• Required action: With the pictures left aside, write out exactly the lines of the listing below from the line with "我們接下來看到下一句：Ana was loving" to the line with "My setup came", both included, and only those.

Record extracts Start Marker

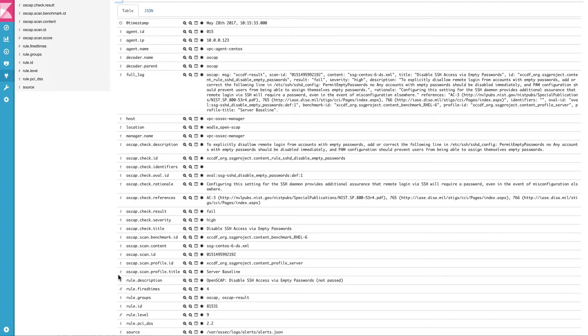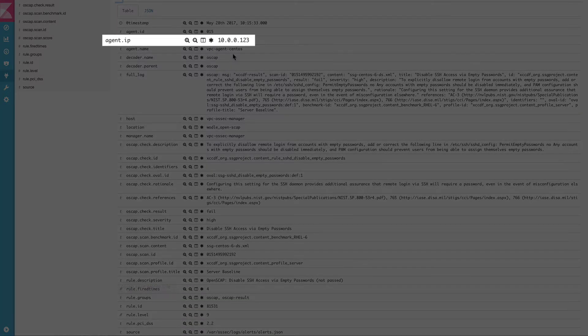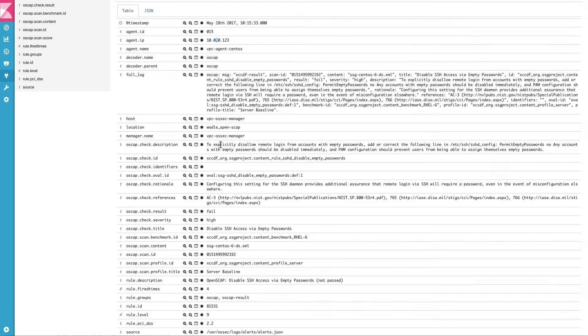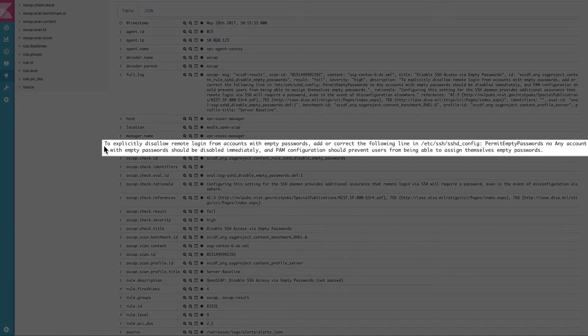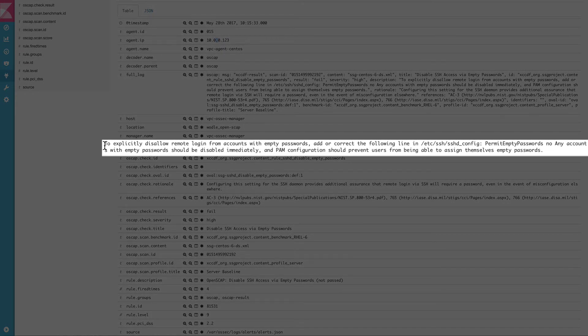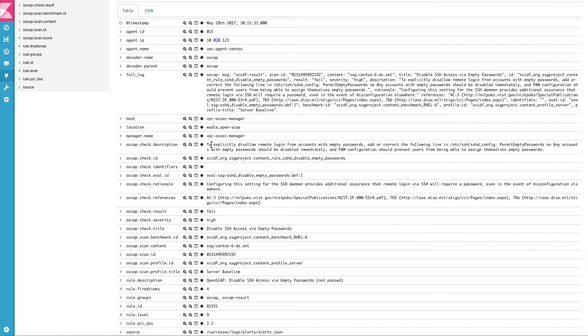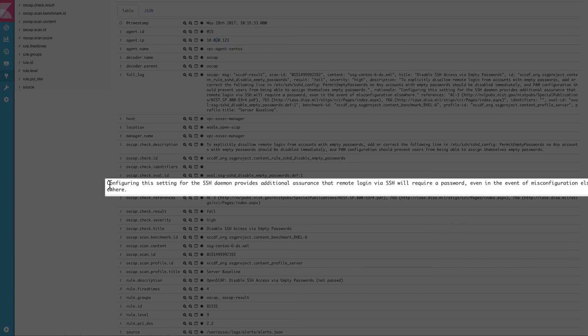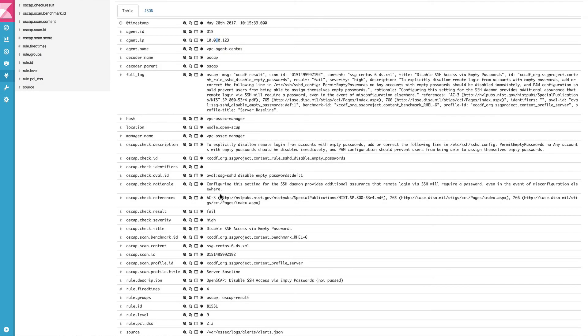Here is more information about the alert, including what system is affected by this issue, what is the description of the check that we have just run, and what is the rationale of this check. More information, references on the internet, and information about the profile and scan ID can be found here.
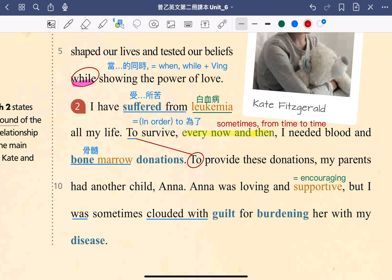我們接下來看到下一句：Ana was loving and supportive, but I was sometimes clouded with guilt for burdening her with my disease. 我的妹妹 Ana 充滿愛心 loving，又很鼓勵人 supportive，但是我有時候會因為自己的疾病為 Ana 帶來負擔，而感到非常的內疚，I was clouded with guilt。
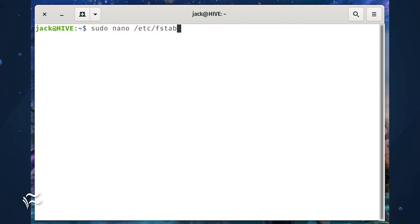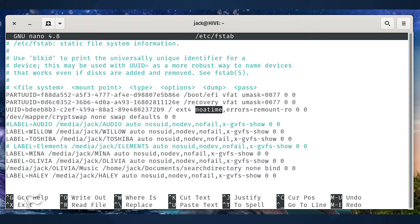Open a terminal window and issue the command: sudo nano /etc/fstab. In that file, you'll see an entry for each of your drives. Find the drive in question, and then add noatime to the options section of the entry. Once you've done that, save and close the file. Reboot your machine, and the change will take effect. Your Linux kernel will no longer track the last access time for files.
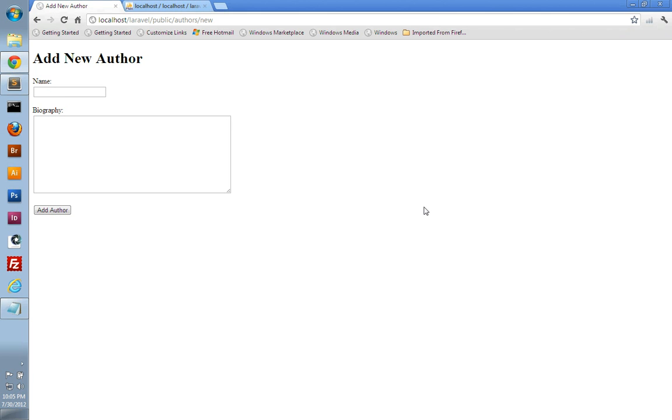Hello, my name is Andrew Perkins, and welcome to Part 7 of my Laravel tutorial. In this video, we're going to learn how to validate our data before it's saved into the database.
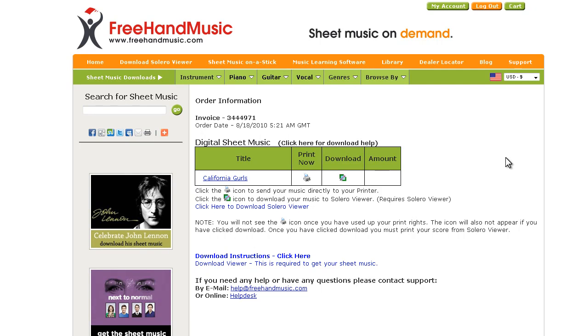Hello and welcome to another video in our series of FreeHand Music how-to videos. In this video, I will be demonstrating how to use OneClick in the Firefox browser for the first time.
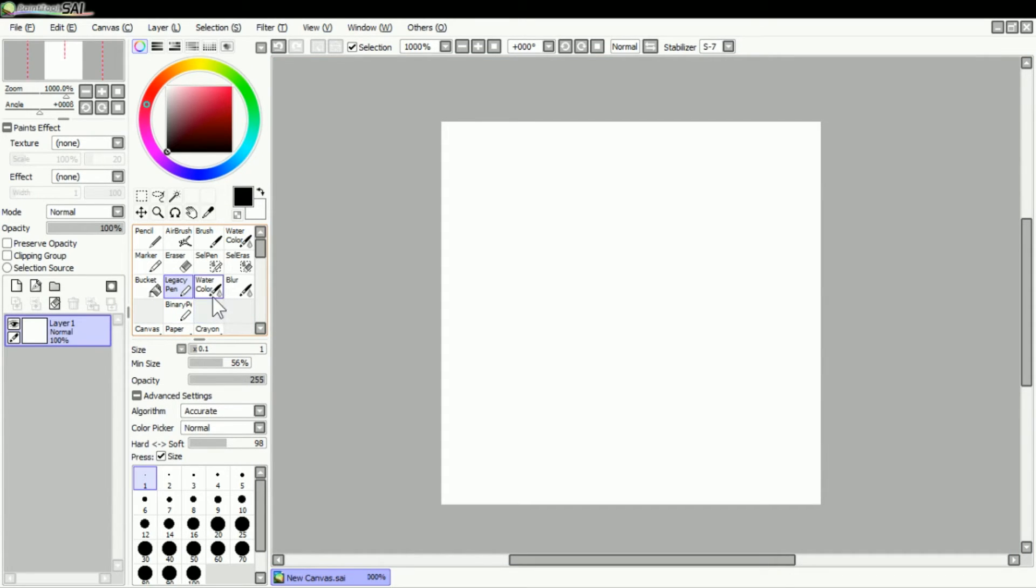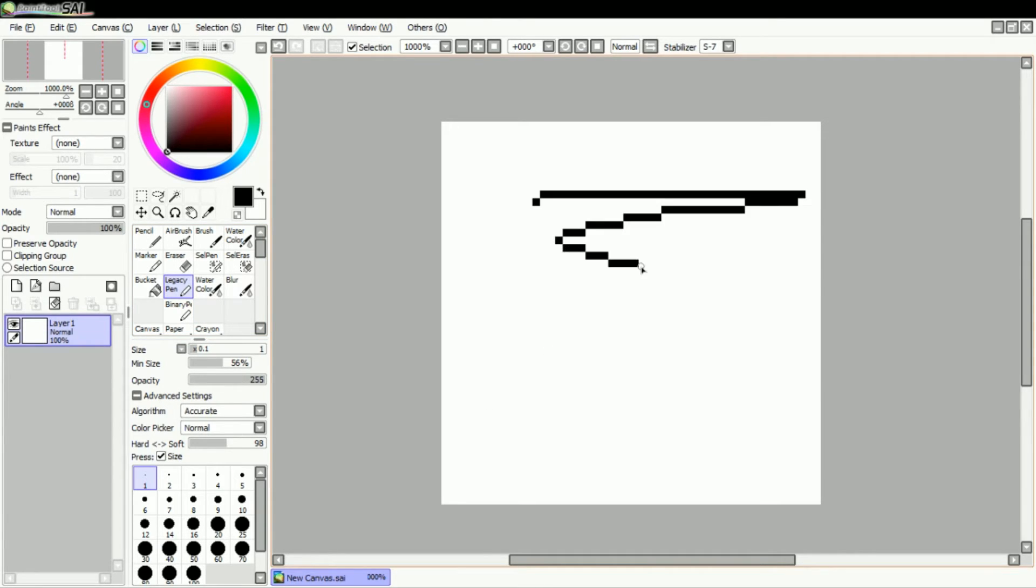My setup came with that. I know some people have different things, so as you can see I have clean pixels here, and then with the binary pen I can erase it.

Record extracts End Marker
Record extracts Start Marker

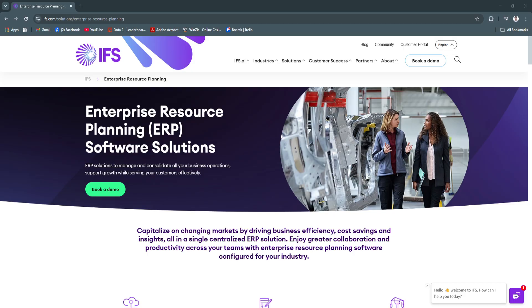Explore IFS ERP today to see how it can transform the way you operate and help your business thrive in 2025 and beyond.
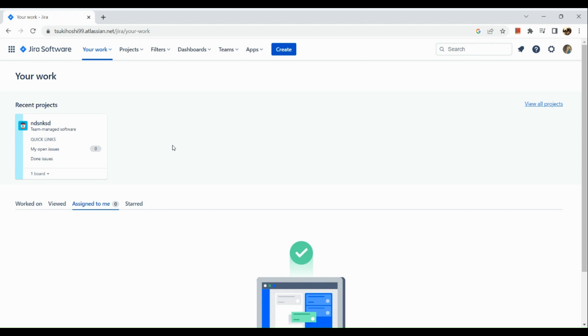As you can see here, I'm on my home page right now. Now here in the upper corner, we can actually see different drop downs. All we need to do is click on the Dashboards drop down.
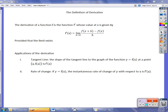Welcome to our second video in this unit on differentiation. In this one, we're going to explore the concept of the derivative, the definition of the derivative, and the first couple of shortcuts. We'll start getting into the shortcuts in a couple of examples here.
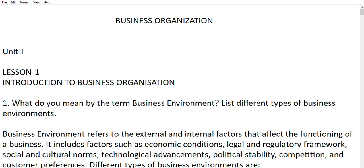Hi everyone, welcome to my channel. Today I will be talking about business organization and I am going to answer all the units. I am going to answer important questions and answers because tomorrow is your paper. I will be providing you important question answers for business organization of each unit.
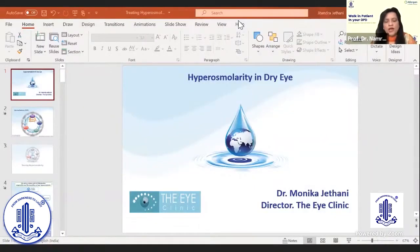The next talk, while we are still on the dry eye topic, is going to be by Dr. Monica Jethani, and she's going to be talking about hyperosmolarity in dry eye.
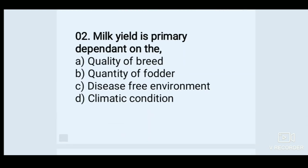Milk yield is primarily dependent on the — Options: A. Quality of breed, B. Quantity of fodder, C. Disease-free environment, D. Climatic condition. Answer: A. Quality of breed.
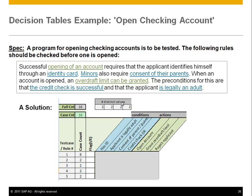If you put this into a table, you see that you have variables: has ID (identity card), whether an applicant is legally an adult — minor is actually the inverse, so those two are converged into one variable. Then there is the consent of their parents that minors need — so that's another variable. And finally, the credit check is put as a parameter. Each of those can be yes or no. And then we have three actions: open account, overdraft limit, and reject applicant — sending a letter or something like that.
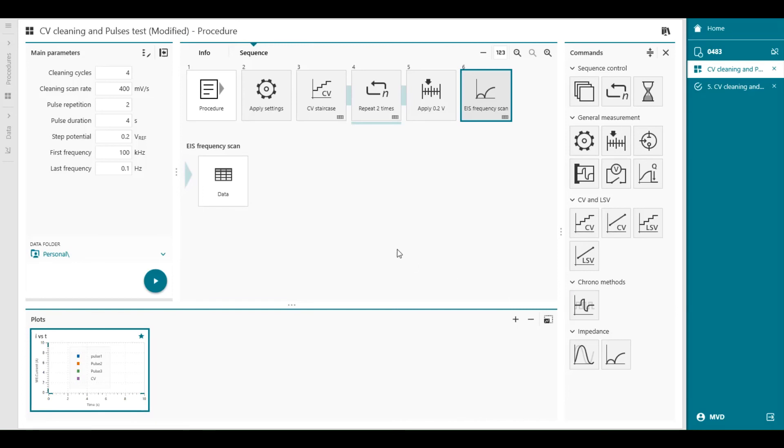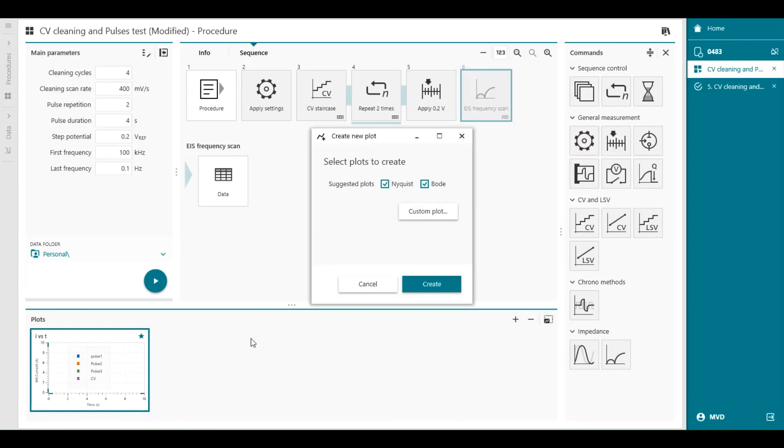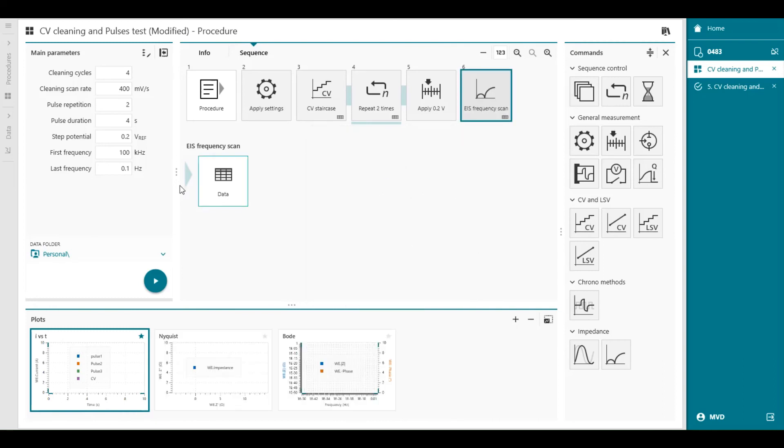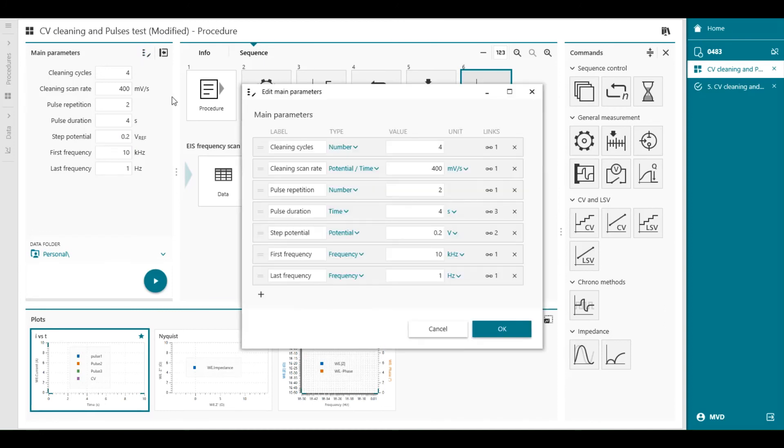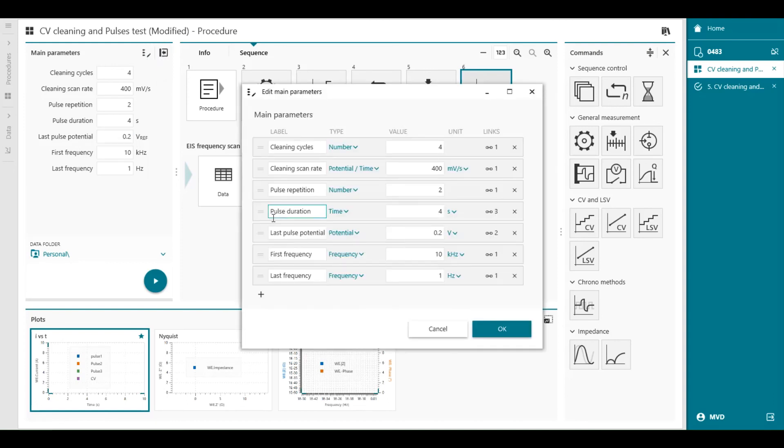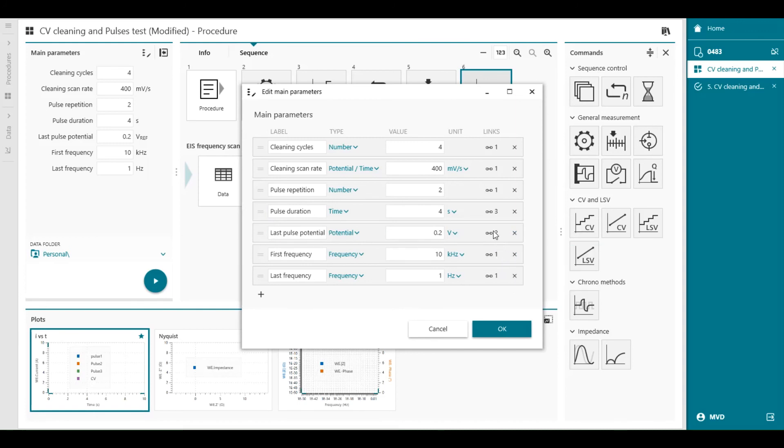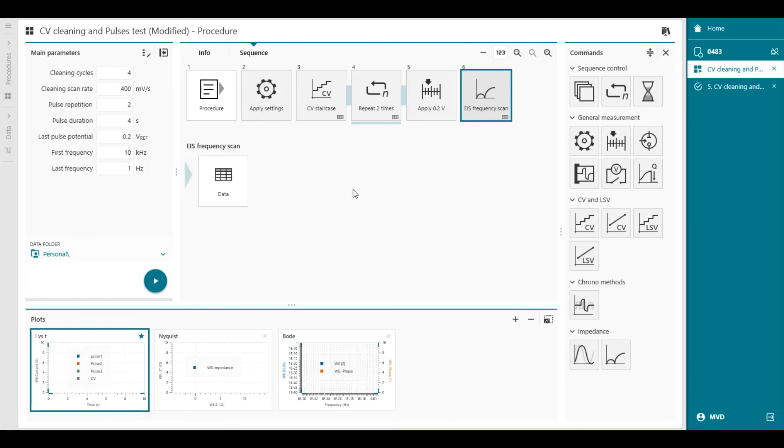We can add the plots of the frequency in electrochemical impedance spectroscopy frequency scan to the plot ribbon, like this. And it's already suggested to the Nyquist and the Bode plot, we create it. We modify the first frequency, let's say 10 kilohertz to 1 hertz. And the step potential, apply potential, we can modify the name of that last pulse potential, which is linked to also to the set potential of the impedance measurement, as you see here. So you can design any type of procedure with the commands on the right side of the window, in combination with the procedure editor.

Record extracts End Marker
Record extracts Start Marker

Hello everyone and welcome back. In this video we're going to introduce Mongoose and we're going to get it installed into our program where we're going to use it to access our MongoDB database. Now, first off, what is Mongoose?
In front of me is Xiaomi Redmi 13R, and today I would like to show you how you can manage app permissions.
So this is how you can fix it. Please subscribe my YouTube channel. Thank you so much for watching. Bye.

Record extracts End Marker

• Output:
我們接下來看到下一句：Ana was loving and supportive, but I was sometimes clouded with guilt for burdening her with my disease. 我的妹妹 Ana 充滿愛心 loving，又很鼓勵人 supportive，但是我有時候會因為自己的疾病為 Ana 帶來負擔，而感到非常的內疚，I was clouded with guilt。
Open a terminal window and issue the command: sudo nano /etc/fstab. In that file, you'll see an entry for each of your drives. Find the drive in question, and then add noatime to the options section of the entry. Once you've done that, save and close the file. Reboot your machine, and the change will take effect. Your Linux kernel will no longer track the last access time for files.
Hello, my name is Andrew Perkins, and welcome to Part 7 of my Laravel tutorial. In this video, we're going to learn how to validate our data before it's saved into the database.
Hello and welcome to another video in our series of FreeHand Music how-to videos. In this video, I will be demonstrating how to use OneClick in the Firefox browser for the first time.
My setup came with that. I know some people have different things, so as you can see I have clean pixels here, and then with the binary pen I can erase it.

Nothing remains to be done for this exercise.